__Task objective__. Everything except the pictures should be printed exactly as it appears in the records.
═══ Material for this task
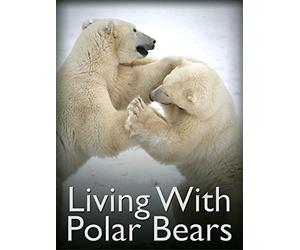 Living With Polar Bears
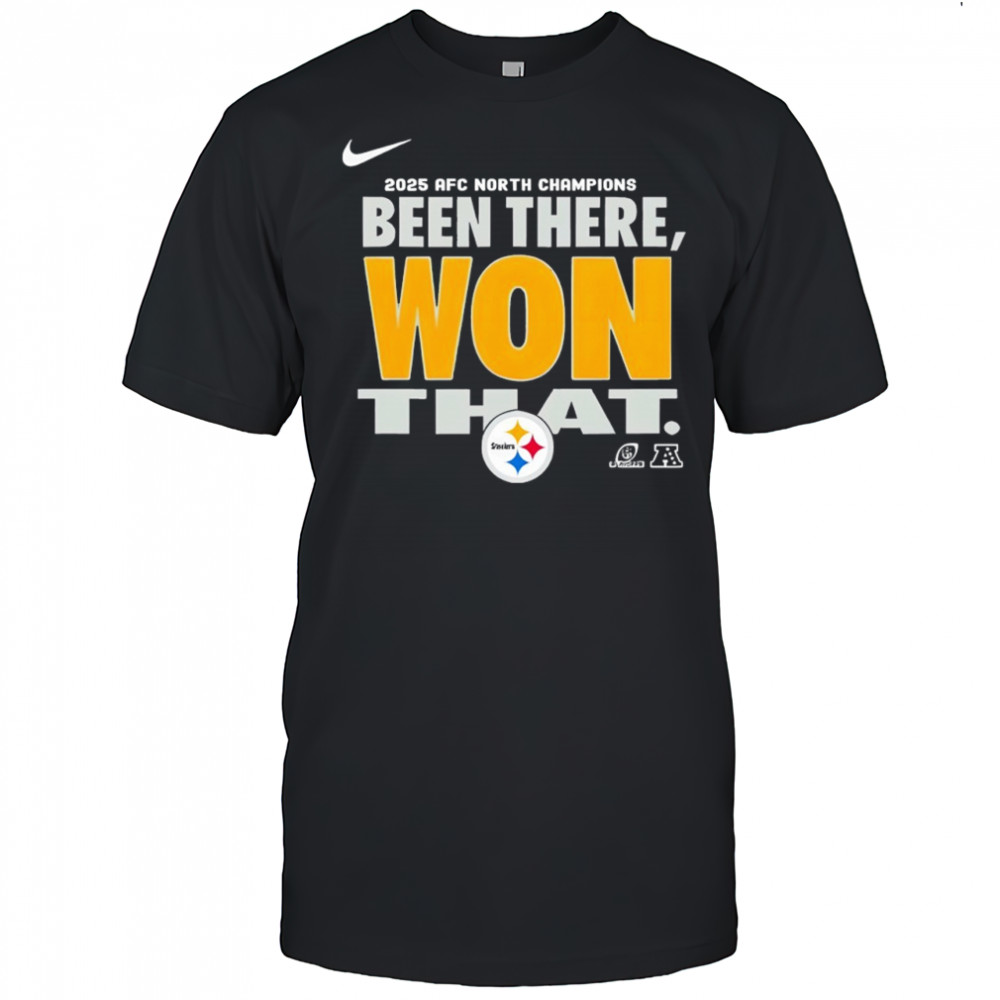 Pittsburgh Steelers Been There Won That Division Champions shirt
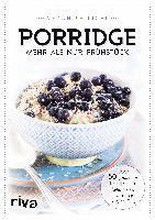Porridge - mehr als nur Frühstück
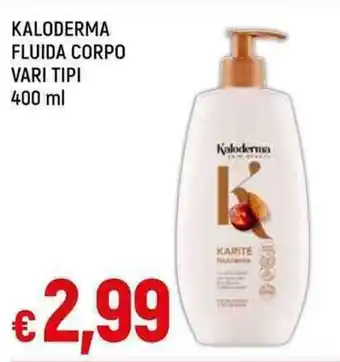 Galassia KALODERMA FLUIDA CORPO VARI TIPI 400 ml offerta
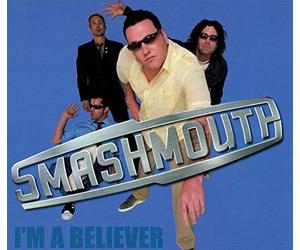 Smash Mouth - I'M a Believer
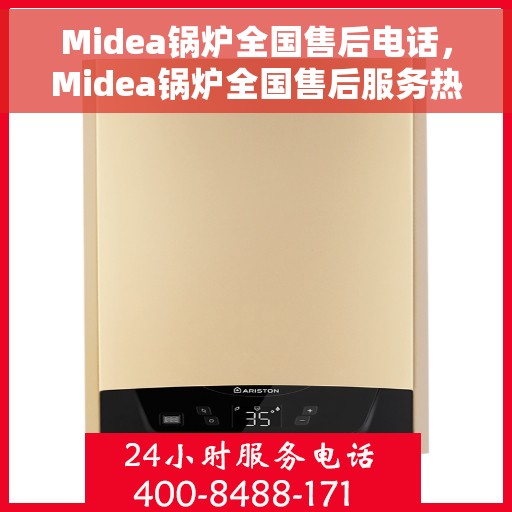 Midea锅炉全国售后电话，Midea锅炉全国售后服务热线及电话一览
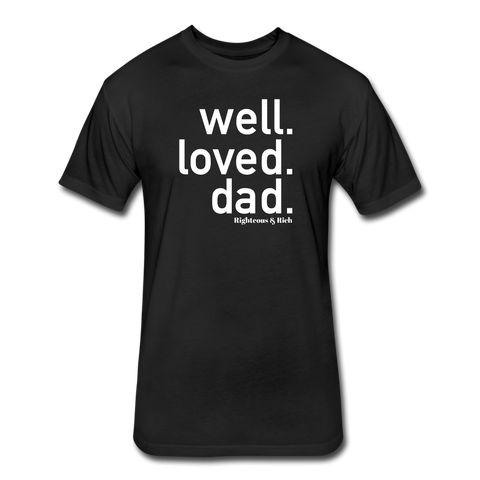 Well Loved Dad Fitted Cotton/Poly T-Shirt by Next Level - black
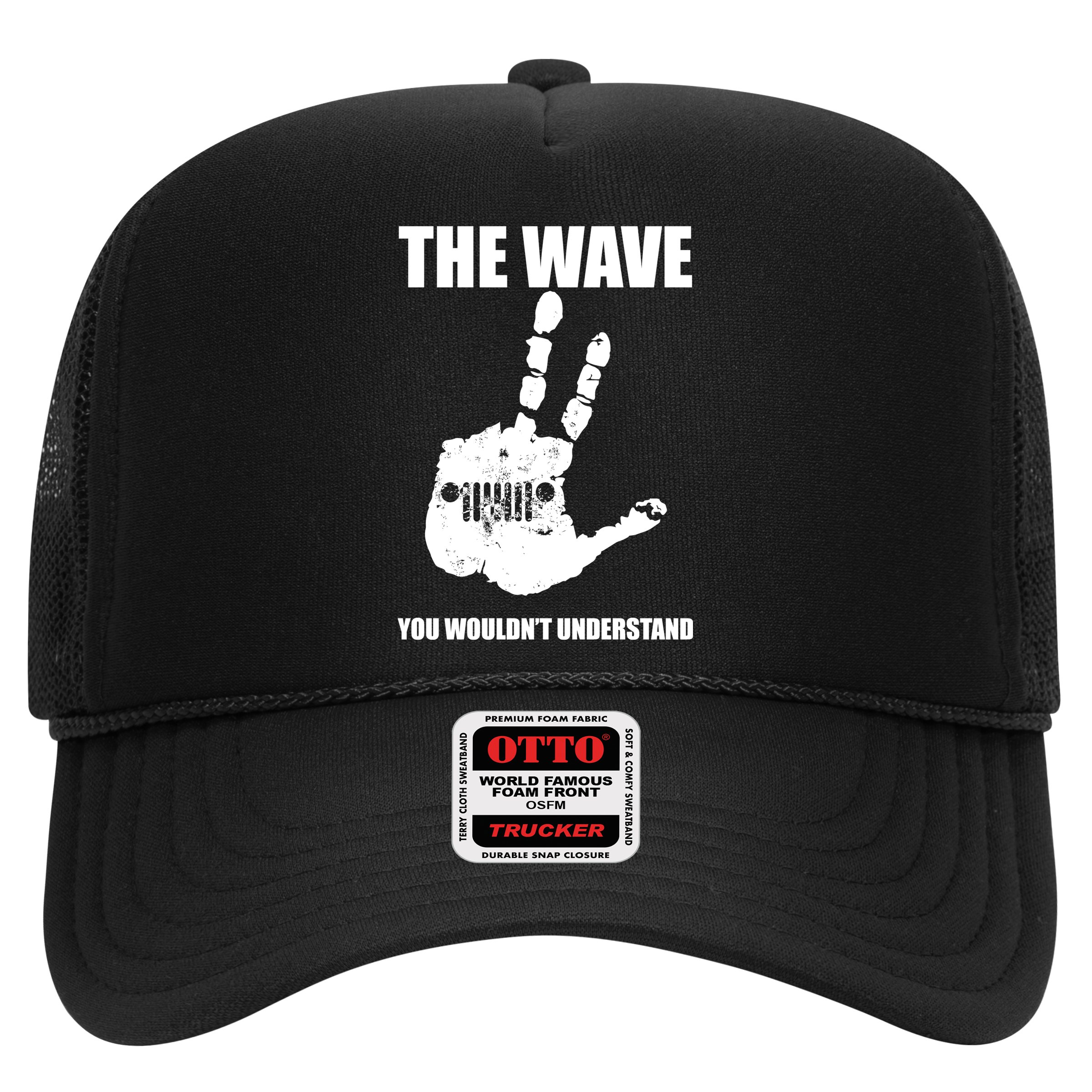 The Wave You Wouldn't Understand Trucker Hat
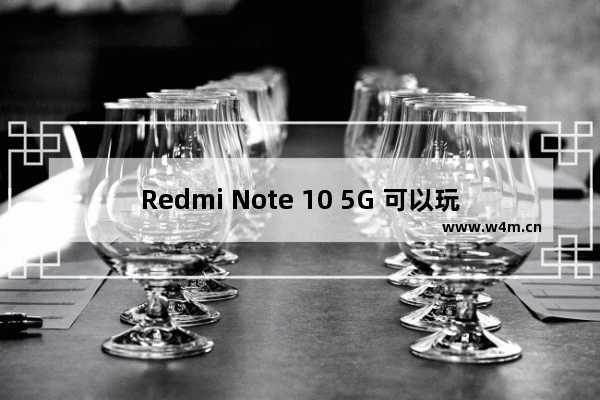 Redmi Note 10 5G 可以玩原神吗 原神手机推荐千元内机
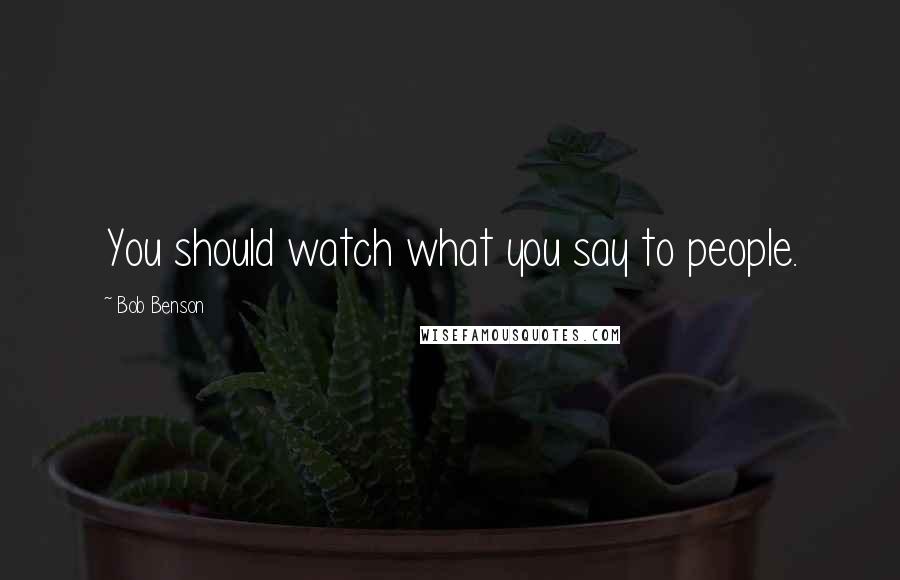 Bob Benson Quotes: You should watch what you say to people.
══════
__Exercise result__.
 Living With Polar Bears
 Pittsburgh Steelers Been There Won That Division Champions shirt
Porridge - mehr als nur Frühstück
 Galassia KALODERMA FLUIDA CORPO VARI TIPI 400 ml offerta
 Smash Mouth - I'M a Believer
 Midea锅炉全国售后电话，Midea锅炉全国售后服务热线及电话一览
 Well Loved Dad Fitted Cotton/Poly T-Shirt by Next Level - black
 The Wave You Wouldn't Understand Trucker Hat
 Redmi Note 10 5G 可以玩原神吗 原神手机推荐千元内机
 Bob Benson Quotes: You should watch what you say to people.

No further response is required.